An obvious issue inherent to this solution is that users would need to update their applications for it to take hold. With version adoption rates, this is a multi-day process that’s only a reactive measure.

There’s another issue hidden here. Some developers reported that even after commenting out Facebook implementations but keeping the dependency still resulted in crashes caused by the SDK. This means that there is still some work being done by the SDK even after its calls are commented out because of +load or other constructor implementations.

Again, when using 3rd Party SDKs, we must place a lot of trust in their stability and security.

Developers should do a static audit of all dependencies, checking for these entry points, constructors and +load. This will let you hold vendors accountable for methods you don’t approve of, or at least keep you aware of such implementations.

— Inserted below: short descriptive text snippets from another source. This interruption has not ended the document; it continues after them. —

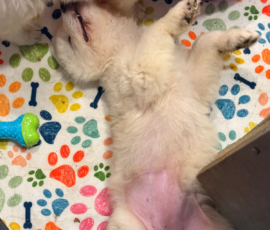 Pippin & Electra Litter 5/26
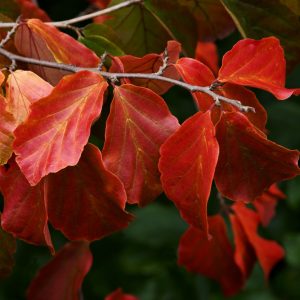Parrotia persica 80-100co Papegojbuske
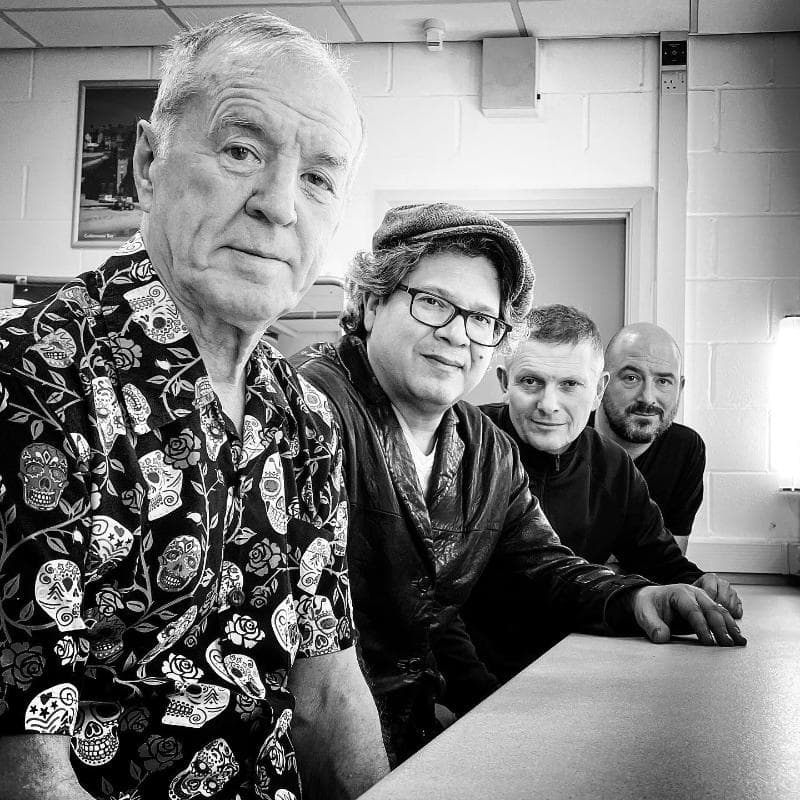 The Animals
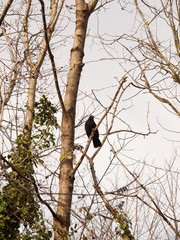 close up of male blackbird resting in bare branches of tree winter spring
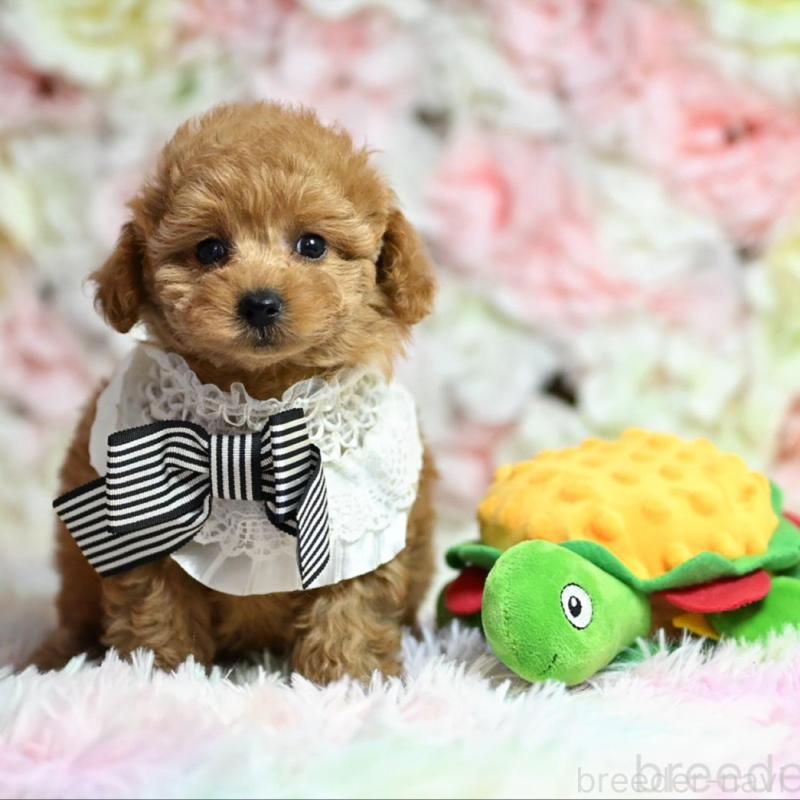 販売中の兵庫県のタイニープードル-437049の1枚目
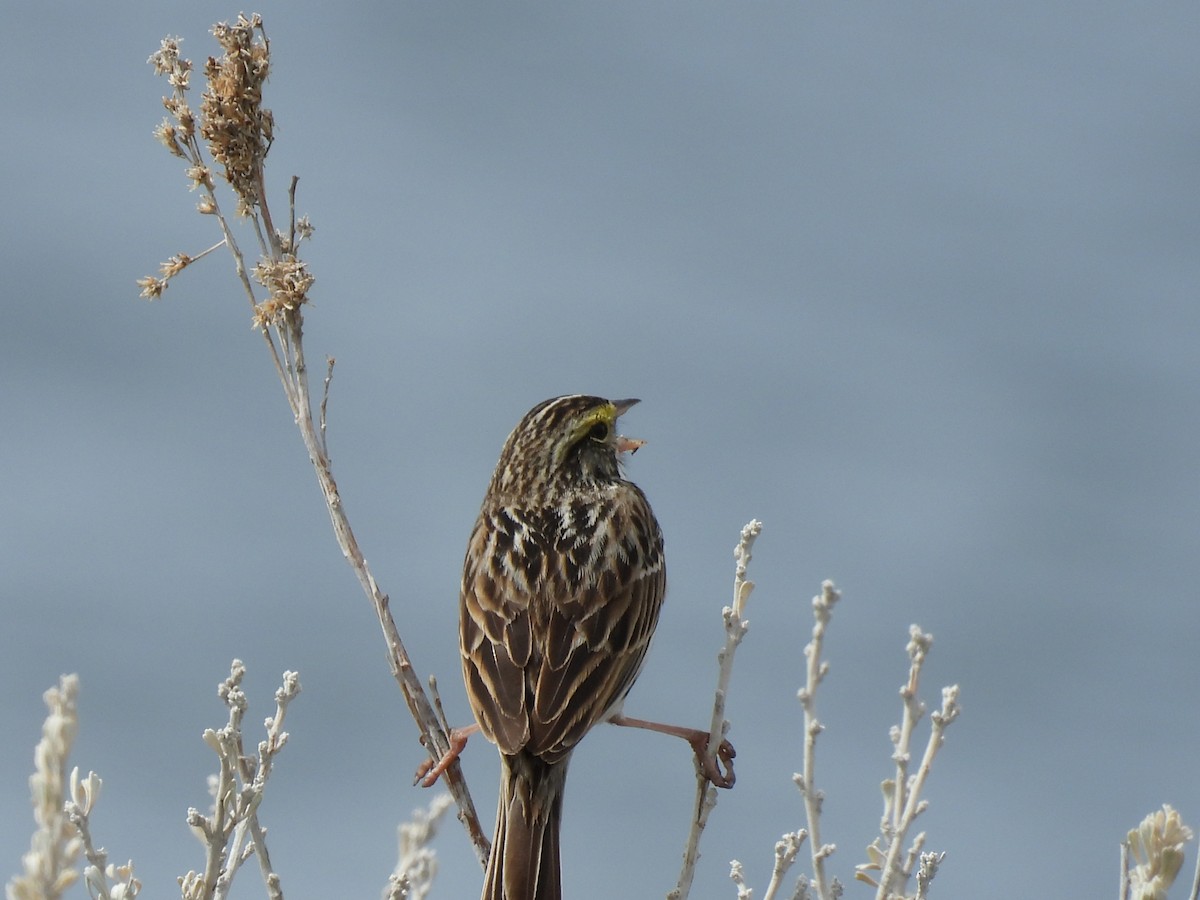 Savannah Sparrow - ML620404781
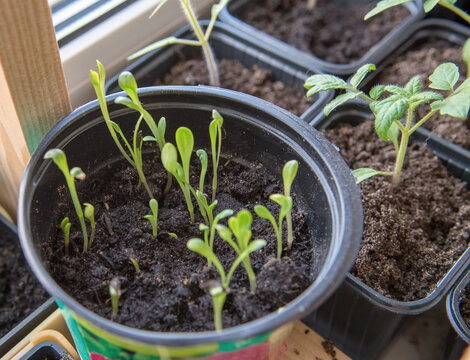 seedlings of peppers and flowers in plastic containers on the windowsill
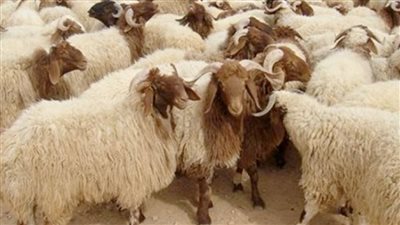 تعرف على أسعار الأضاحي بمنافذ وزارة التموين 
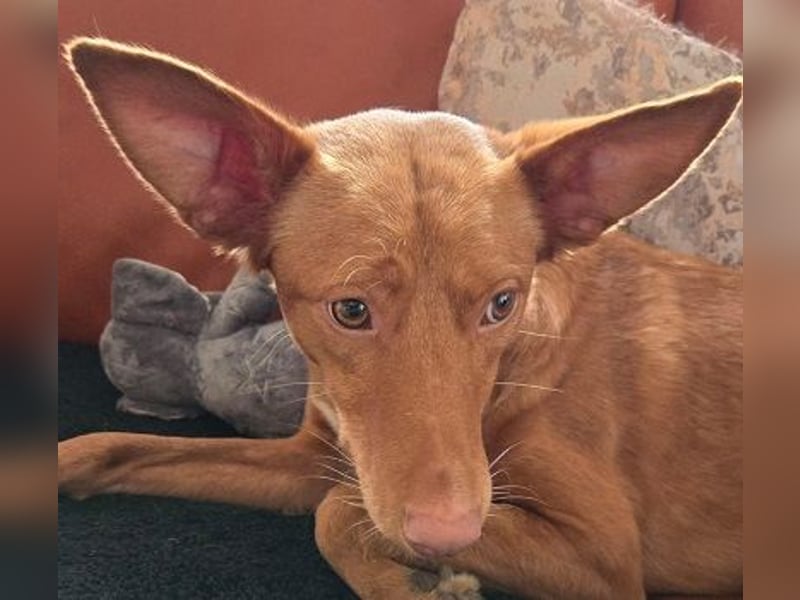 Zucker mag Kopfarbeit und Aktivität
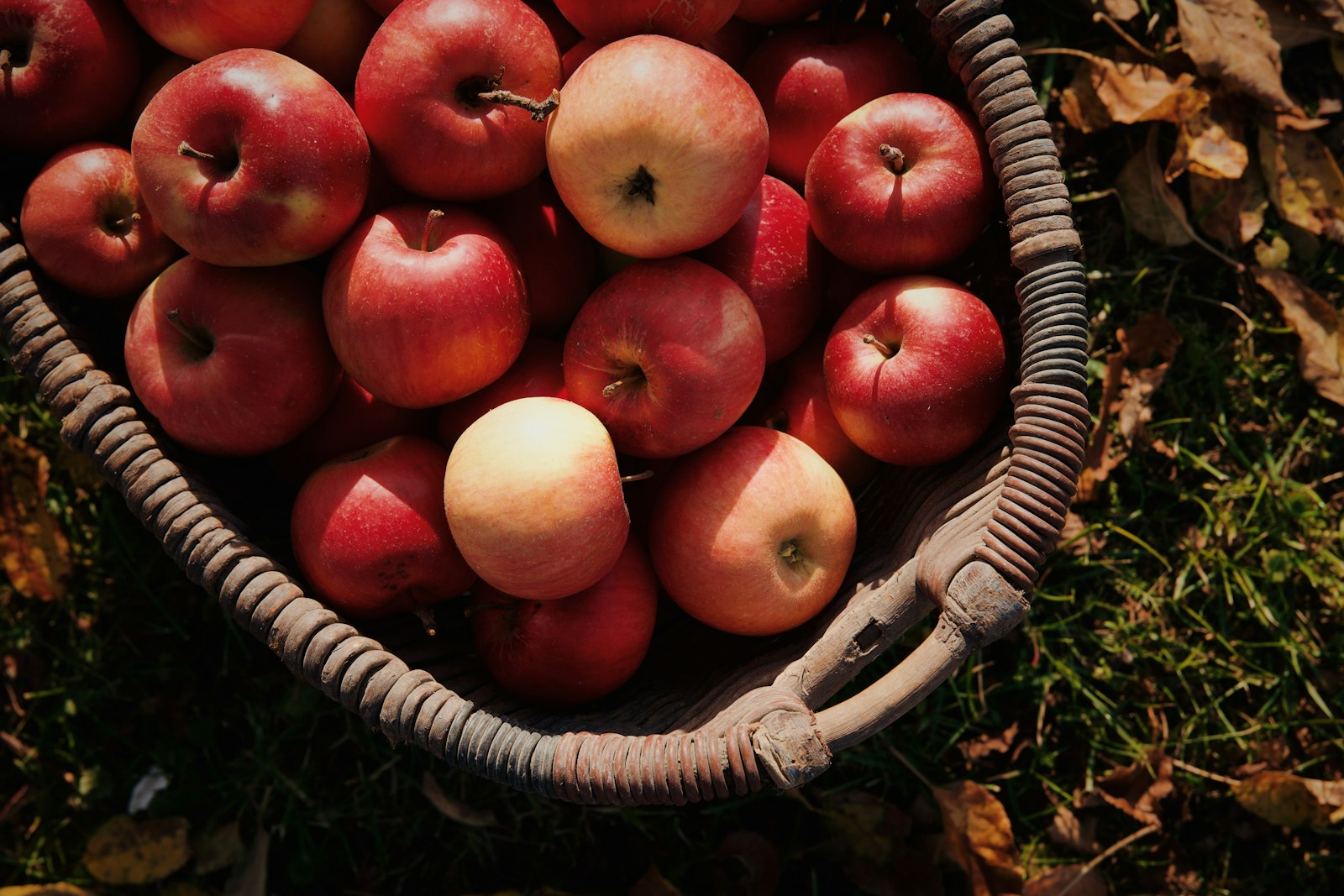 Basket of red apples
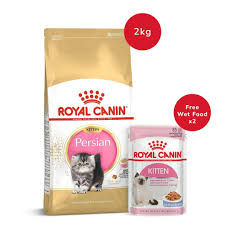 RC PERSIAN KITTEN 2KG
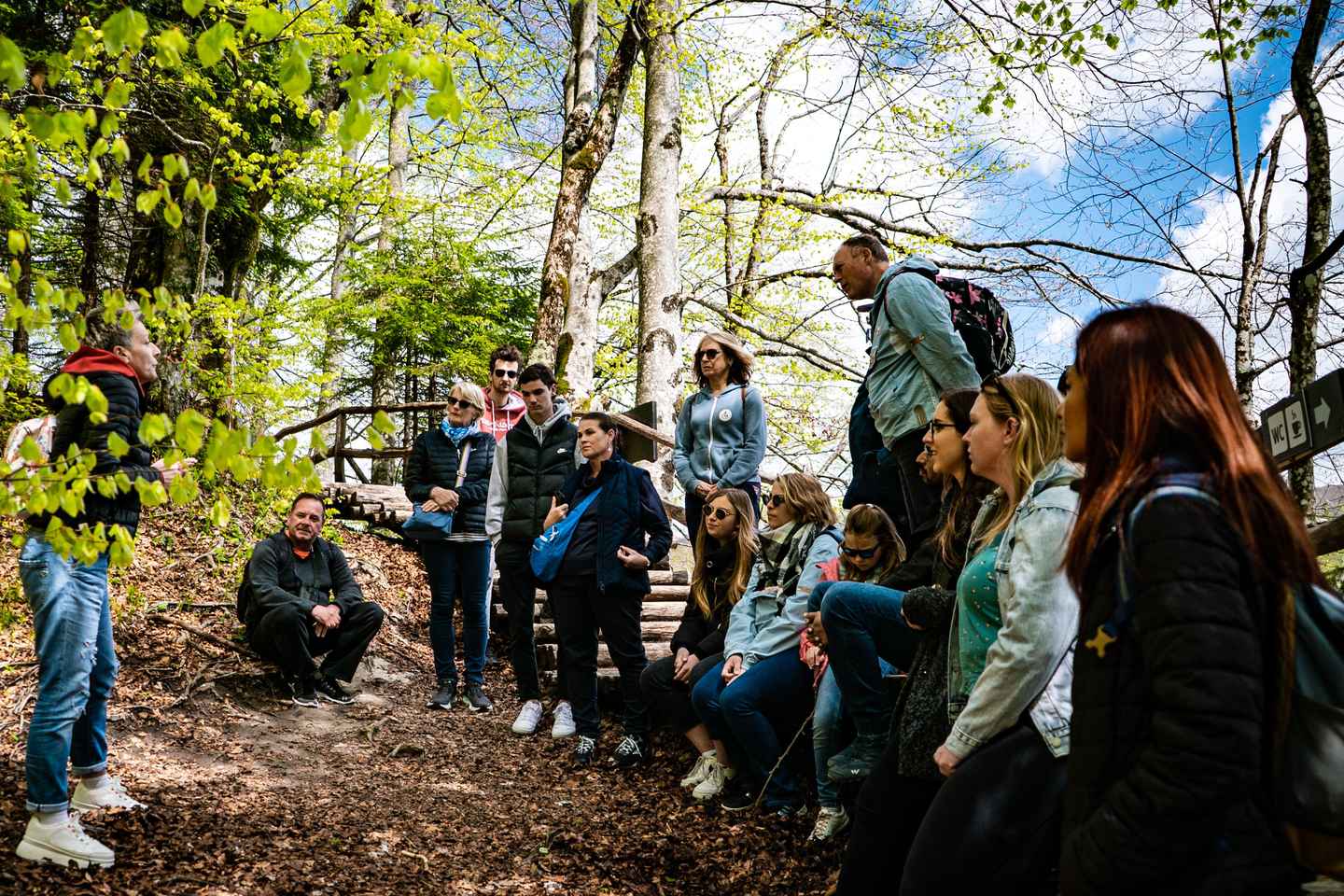 From Zagreb: Plitvice Lakes National Park Full-Day Tour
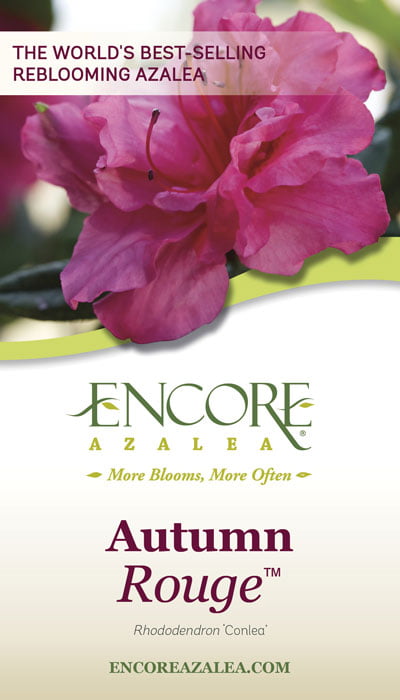 Encore Azalea Autumn Rouge (2 Gallon) Dark Pink Flowering Shrub - Full Sun Live Outdoor Plant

Sandbox Your Applications and SDKs

In the case that you’re forced to include an SDK, a last possibility we propose is to sandbox your applications and SDKs.

We can actually take advantage of the same methods SDK developers utilize. With these tools, we can gain back control of our applications through the ability to remotely disable a 3rd party SDK without having to push a new build of your app.

The key is to remember that, as the application module, your code will always win and run first in obj-c terms.

For example, say an SDK has a +load method on UIViewController for monitoring.  So if you include a category, your category goes first. You’ll have the chance to swizzle against the vendor SDK—swizzle their call and wrap it with a configuration setting under your control. Now, if your config is on, you can let the vendor call through. If it’s off, you’re safe.

By running this code in a generic module, and you will have fully sandboxed the SDK.

For constructors, which run at load time (before your module), you can link your own module and ensure your module has a higher load command than the vendor.

Now, you have the chance to make changes to how the vendor’s module will load by intercepting dyld calls or running a thread to monitor their load process.

This outline of possible solutions is by no means final, and really only meant to bring us to talk about issues in security and stability that affect almost every mobile application on the market. As an industry, we need to be having these conversations not only internally but also with one another.